今回は10歳年下の男性と結婚後、たったの3ヶ月でスピード離婚を決意した女性を徹底取材。仲睦まじい蜜月を過ごしてから一転、束縛に借金に不倫......というまさにドロ沼愛憎劇を乗り越えた彼女に、その経緯を教えていただきました。

 
取材者プロフィール早苗さん(仮名)39歳
職業:会社役員
家族構成:独身(離婚歴あり)

  
 


愛と憎しみは、表裏一体


「離婚までは、とにかく色々なことが起きすぎて……うまく話せるか分かりませんが、話したことは好きに書いてもらって構いません」

小さな溜息と共に微笑んだ早苗さんは、先日離婚が成立したばかり。

結婚から離婚までの期間は約1年で、離婚を決意したのは入籍をしたわずか3ヵ月後。そこから離婚調停が始まりました。

「何から話したらいいんでしょう。元夫とは友人同士の集まりで出会って……これまで本当に色々なことがありましたが、たぶん人生で“一番好きな人”でした。実は、今でもその気持ちが全部消えているか分からないです……」

“一番好きな人”というシンプルな言葉には重みがあります。

昨今、離婚率が上がっているとは聞きますが、おそらく多数はもともと恋愛感情で結ばれた男女。その気持ちや情がどこへどのように消えていくのか個人的に気になっていましたが、完全には無くならないまま離婚に至る夫婦もやはりいるのです。

「彼に傷つけられたこと、理不尽な対応をされたことを、“もういいや”と良い意味で諦めて気持ちを切り替えて、もっとスムーズに穏便に離婚することもできたと思います。

でも……たぶん好きだったからこそ、最後はちゃんと向き合って欲しかった。だから反撃もしたし、制裁を与えたくて大人げない馬鹿な行動もしました。でも、後悔はありません」

iPhoneにまだ多く残っている年下の元ご主人とのツーショット写真を見せていただいたところ、長身でハンサムな彼と早苗さんはお似合いの夫婦に見えました。
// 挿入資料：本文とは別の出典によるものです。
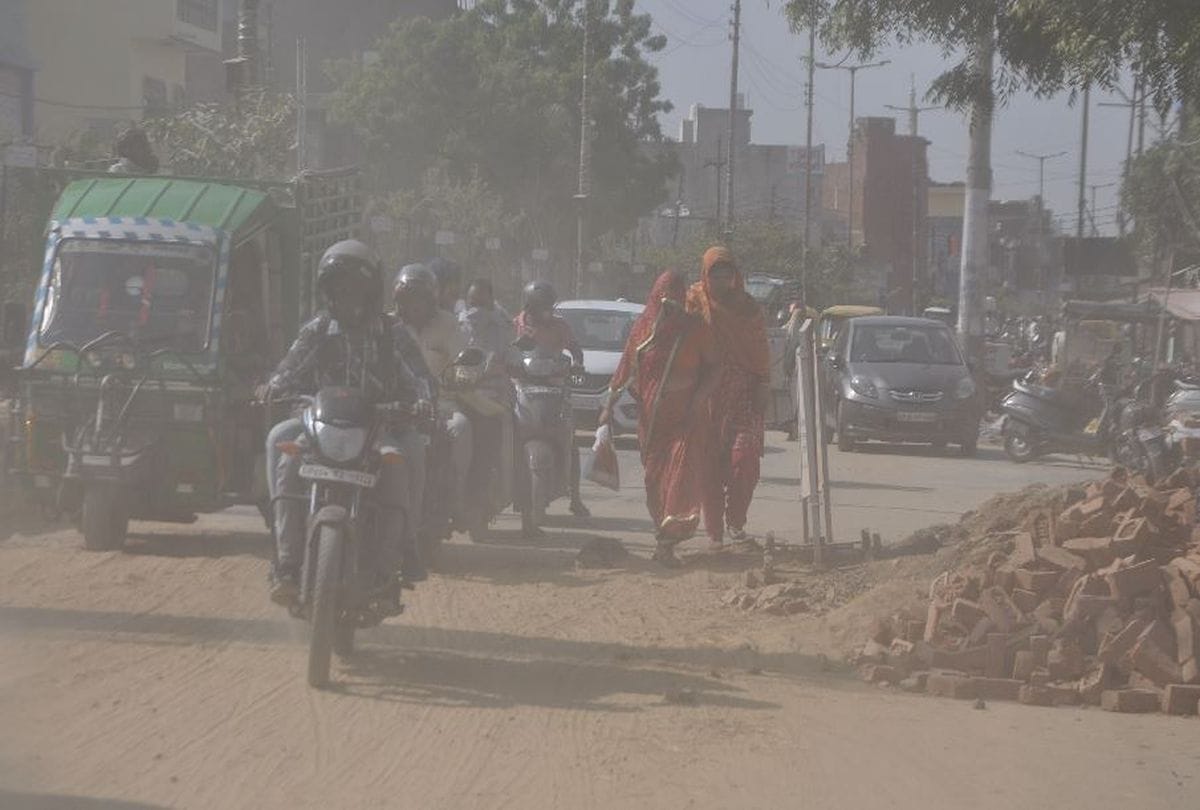 Four Lakhs Of People Messed With Health Agra 9th Polluted City In India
薄化粧でも整った顔立ちがよく分かり、仕事面でも活躍され“デキる女性”という印象の早苗さんですが、元ご主人が10歳年下ということもあるのか、写真の表情は柔らかく、まるで学生カップルのような爽やかさも感じます。

そんな2人が結ばれ、そして離婚に至るまでに起きた出来事は、愛と憎しみは表裏一体というのを痛感するような愛憎劇でした。